Cuatro poetas distintas

Animal sospechoso publica a las poetas Neus Aguado, Lala Blay, Cristina Grisolía y Teresa Shaw.

TEXTO: Enrique VILLAGRASA

 

Neus Aguado (Córdoba, Argentina, 1955), Lala Blay (Barcelona, 1968), Cristina Grisolía (Rosario, Argentina, 1946) y Teresa Shaw (Montevideo, Uruguay, 1951) son cuatro maravillosas poetas que han publicado unos estupendos poemarios en una exquisita editorial, pues tal es su cuidado en la edición de sus libros, tanto del continente como del contenido; al cuidado de la misma está el también poeta Juan Pablo Roa (Bogota, Colombia, 1967), radicado en Barcelona.

Siempre he dicho que la poesía es femenina: es mujer, pese a quien pese y para la alegría de las personas lectoras pues sin lugar a dudas escriben una poesía sencillamente maravillosa, casi todas, aunque siempre hay excepciones que confirman la regla, a nuestro pesar. Así pues hoy, Día internacional de la mujer, viernes 8 de marzo de 2024, bien vale la pena leer estos poemarios: 66 maneras de mirar (con prólogo de Laura Giordani); Abstancia (edición bilingüe, catalán castellano y traducida por Misael Ruiz y prólogo de Márius Sampere); El paisaje es un animal solitario (con prólogo de Tania Pleitez Vela) y Todo es deriva (con prólogo de Rodolfo Häsler), de Neus Aguado, Lala Blay, Cristina Grisolía y Teresa Shaw respectivamente.

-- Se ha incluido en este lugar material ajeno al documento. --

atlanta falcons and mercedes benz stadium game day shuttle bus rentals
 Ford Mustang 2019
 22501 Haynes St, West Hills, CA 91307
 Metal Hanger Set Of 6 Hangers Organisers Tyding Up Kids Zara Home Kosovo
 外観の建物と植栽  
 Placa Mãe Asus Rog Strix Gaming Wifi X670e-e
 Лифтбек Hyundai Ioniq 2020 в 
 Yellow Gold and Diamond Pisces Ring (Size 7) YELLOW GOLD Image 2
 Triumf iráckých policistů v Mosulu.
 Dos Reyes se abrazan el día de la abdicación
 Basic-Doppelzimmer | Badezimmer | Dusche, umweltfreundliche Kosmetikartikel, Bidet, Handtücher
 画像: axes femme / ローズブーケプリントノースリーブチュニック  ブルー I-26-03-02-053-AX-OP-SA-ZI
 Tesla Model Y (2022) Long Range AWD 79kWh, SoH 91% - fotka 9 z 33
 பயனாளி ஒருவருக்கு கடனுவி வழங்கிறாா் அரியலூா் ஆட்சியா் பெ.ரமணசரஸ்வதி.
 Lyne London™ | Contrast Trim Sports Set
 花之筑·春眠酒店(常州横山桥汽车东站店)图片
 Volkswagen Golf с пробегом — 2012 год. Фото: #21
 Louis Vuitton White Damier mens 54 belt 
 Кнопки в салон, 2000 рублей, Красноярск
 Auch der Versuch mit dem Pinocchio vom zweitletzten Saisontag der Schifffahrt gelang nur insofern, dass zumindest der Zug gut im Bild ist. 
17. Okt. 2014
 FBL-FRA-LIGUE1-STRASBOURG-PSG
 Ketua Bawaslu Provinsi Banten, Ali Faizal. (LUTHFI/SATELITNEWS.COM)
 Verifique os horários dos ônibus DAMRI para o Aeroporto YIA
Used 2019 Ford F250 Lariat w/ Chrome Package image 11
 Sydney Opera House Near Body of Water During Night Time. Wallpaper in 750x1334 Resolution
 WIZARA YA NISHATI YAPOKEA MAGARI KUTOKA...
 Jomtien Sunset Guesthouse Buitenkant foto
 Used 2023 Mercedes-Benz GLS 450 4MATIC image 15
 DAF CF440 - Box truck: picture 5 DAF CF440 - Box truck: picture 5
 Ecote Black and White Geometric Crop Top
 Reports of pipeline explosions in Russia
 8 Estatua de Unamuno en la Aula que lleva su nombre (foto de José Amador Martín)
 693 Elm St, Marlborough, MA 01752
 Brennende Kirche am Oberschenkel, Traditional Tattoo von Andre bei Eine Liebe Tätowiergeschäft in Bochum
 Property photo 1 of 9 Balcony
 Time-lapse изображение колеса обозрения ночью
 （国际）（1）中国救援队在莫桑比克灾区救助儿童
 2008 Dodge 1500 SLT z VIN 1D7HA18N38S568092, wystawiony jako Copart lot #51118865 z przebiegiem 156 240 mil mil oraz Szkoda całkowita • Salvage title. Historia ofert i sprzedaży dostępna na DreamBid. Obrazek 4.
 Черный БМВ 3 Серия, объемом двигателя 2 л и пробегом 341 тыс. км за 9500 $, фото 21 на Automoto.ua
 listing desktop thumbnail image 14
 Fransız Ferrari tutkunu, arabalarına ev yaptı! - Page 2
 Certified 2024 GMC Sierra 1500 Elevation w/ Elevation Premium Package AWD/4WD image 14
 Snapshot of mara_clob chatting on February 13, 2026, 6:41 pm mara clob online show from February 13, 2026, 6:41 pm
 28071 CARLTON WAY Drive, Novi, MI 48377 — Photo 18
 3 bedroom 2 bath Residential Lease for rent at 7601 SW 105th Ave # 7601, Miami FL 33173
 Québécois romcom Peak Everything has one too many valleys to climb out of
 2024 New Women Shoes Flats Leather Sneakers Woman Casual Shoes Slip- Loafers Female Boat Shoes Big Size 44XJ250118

Cuatro poetas que sorprenden por su buen quehacer demiurgo, saben del oficio y saben que poesía es el verso perfecto más allá del lenguaje. Y es que la poesía para ser debe tener magia, sorpresa y revelación y por supuesto fascinación rítmica, como lo tiene la poesía de estas poetas, sin ir más lejos:

 

ES ABRIL en tus ojos

en los míos septiembre.

Inaugurar un nuevo mes

me salvaría

de ese pasado absurdo

que se erigió en mi vida.

Neus Aguado

 

NEMEROSO,

surcado de fuentes,

la paloma anidaba

en tus ramas,

el ciervo acudía a tu mano.

Concordabas con todo:

blanca era la leche

y blanco el mantel;

no conocías el vino.

Lala Blay

 

LAS ánforas contienen huesos,

los hombres no hacen

más que suponer cuántos cabían

el rango, la inocencia…

en su indigente costumbre

de espolear la historia.

Cristina Grisolía

 

ESCRIBIR allí donde puedo no. esta piel del

lenguaje. sus arrugas. su estrechez. su latido

en los labios. en la letra menuda. en la mano

que traza. en el surco de la página. aquí. aquí.

levantando la ola del tiempo este de hoy. para

decir la tierra. la muerte. el sueño. busco las

palabras allí donde. nada.

Teresa Shaw

 

Y es que las y los prologuista lo dejan bien claro al respecto de estas poetas: la poesía de Aguado como bien dice Laura Giordani es: “esa pura donación a la espera de un encuentro de intimidad con su lector, a la espera de una mirada que vuelva a iluminar la experiencia de estar vivos”. Y con respecto a Blay Màrius Sampere concluye: “Y es que todo el poemario, Abstancia, es justamente la distancia que, lejos de separar, reúne, liga y funde las cosas en un crisol de alta orfebrería”. Y Tania Pleitez Vela explica, pues sabe que el paisaje en pintura existe desde Cézanne, que: “Mientras escribo estas últimas líneas, emerge el deseo de acariciar un tiempo añejo y nuevo, denso y libre, vivo y triste, y entro en un paisaje –musical, pictórico, arquitectónico e interior- bajo la sabia guía del animal solitario de Cristina Grisolía”. Y Rodolfo Häsler nos señala que. “Este nuevo libro, Todo es deriva, más lírico y con más hondura, escrito con una sonrisa distante, es un libro de esplendor”. Lo que no deja de recordarme al Zohar.

Creo pues que estos poemarios están pensados como ese viaje en distintas etapas del conocimiento existencial ligado al destino del mundo y de la otredad. Las poetas se mueven por los derroteros de la búsqueda: un viaje inevitable, justo y necesario, perseguido y querido diríase: para descubrir ese enigma de la vida: del azar y la necesidad, del saber y del conocer. Pues no sabemos o sí, qué es más verdad, la realidad o la apariencia: son cuatro formas complejas, de resistencia, de vivir la realidad, no me cabe ninguna duda. Y todo con temor y temblor pero fascinando. ¡Léanlas, no lo duden!